Why Netflix’s The Witcher Fails as an Adaptation

Netflix’s ‘The Witcher’ is receiving high praise, but is it really that good of an adaptation of the books?

Adaptations Fantasy Pop Culture

Netflix’s high-fantasy drama The Witcher, based on the series of novels and short stories of the same name by Polish author Andrzej Sapkowski, has gained massive popularity since its debut in December of last year. Scoring an 8.3 on IMDb and a ninety-two percent audience score on Rotten Tomatoes, Geralt’s misadventures have certainly amassed quite a dedicated following. Yet even a cursory glance at the show’s reviews tells us that many of its fans are also fans of the books, and that is because, as an adaptation, The Witcher fails miserably. But what makes a good adaptation? Is it a faithful recreation of the original source material, or does it expand on certain elements to create something new?
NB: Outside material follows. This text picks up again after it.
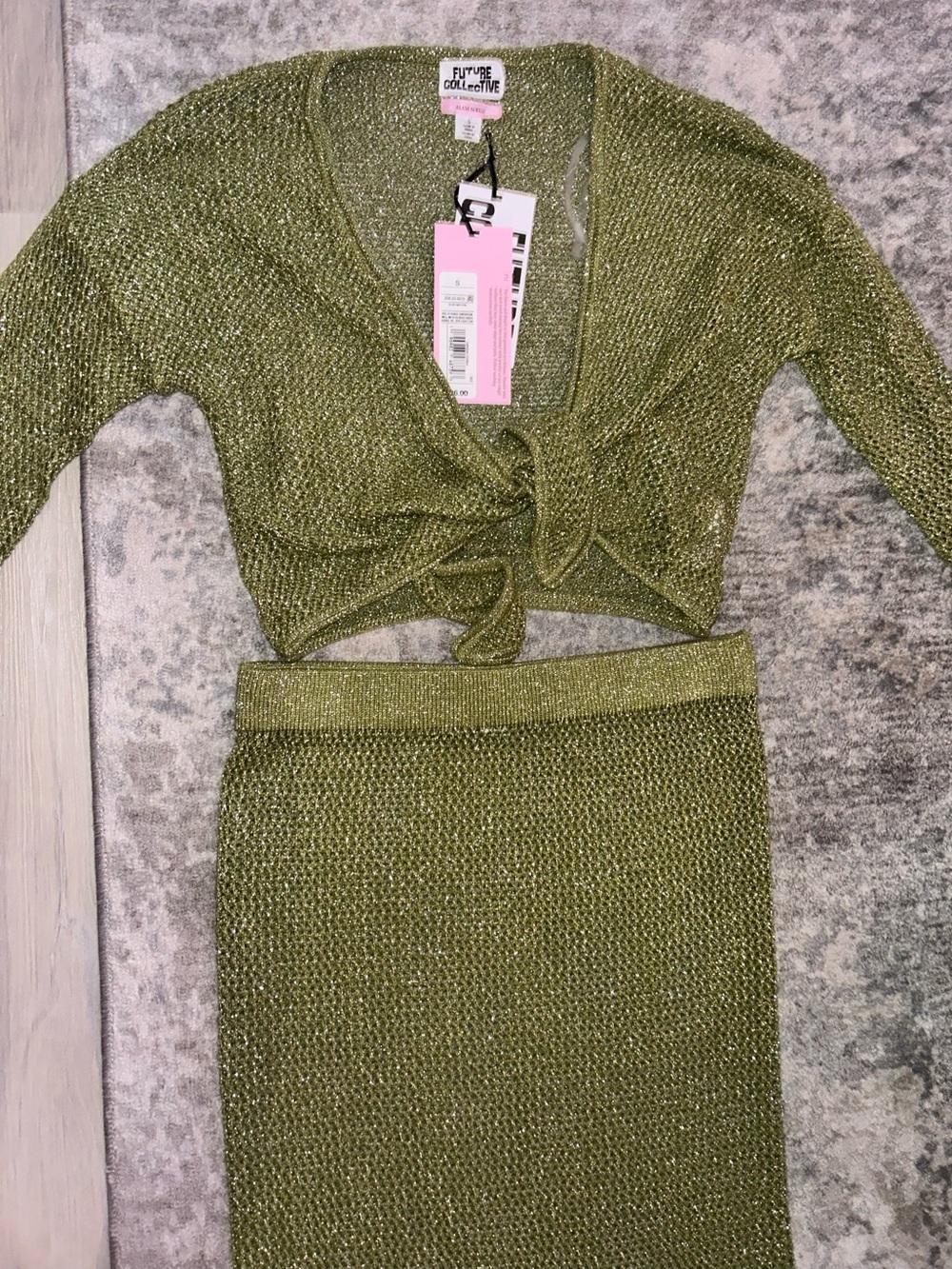 Future Collective x Alani Noelle Glitter Knit Two-Piece Set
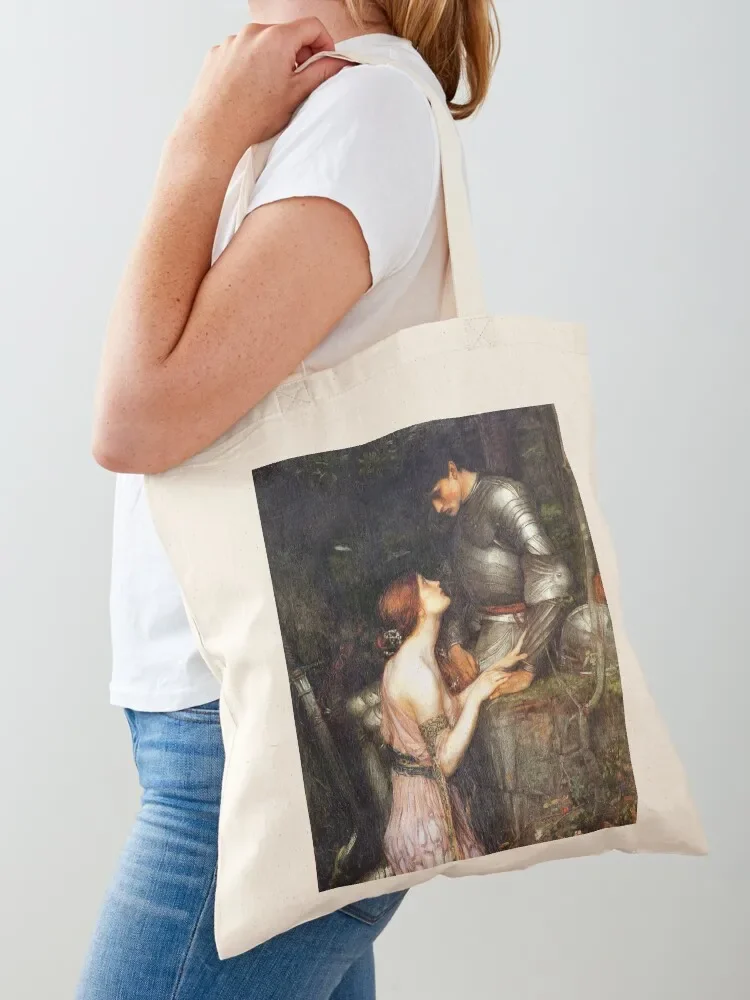 Lamia and the Soldier - John William Waterhouse Tote Bag bags for women Women's shopping bag Tote Bag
I believe that both could work, but what I think makes The Witcher a poor adaptation is that it attempts both and accomplishes neither. 


Image Via ArtStation


The Witcher follows the witcher himself Geralt of Rivia and his struggle to find his place in a world of people more wicked than beasts. Not only that, it also follows two other characters, the sorceress Yennefer of Vengerberg and the princess Cirilla Fiona Elen Riannon, or Ciri, as she’s known. While in Andrzej’s work each of these character’s journeys are told in separate books, devoting proper time to each of them, in the show they are all told simultaneously.

In The Last Wish, Andrzej’s first collection of short stories and the debut of Geralt of Rivia, we are given almost three hundred pages to form an emotional attachment with the monster hunter, to learn who he is, what he has endured and how he learned and grew from those hardships. In the show, only a third of the runtime is devoted to him, therefore so much plot has to be crammed into twenty minutes that there’s no time left to actually show the audience why they’re supposed to care about the main character. 



This is why only fans of the books are able to invest themselves in the show, because they already know who everybody is and have already formed emotional attachments with them. In a sense, they’ve done the homework, so now they can just enjoy seeing their favorite characters brought to life. While I can commend The Witcher for attempting to tell Andrej’s stories in an unconventional way, the new perspective doesn’t give us anything different, and what it does give us of the original tale is rushed and watered-down.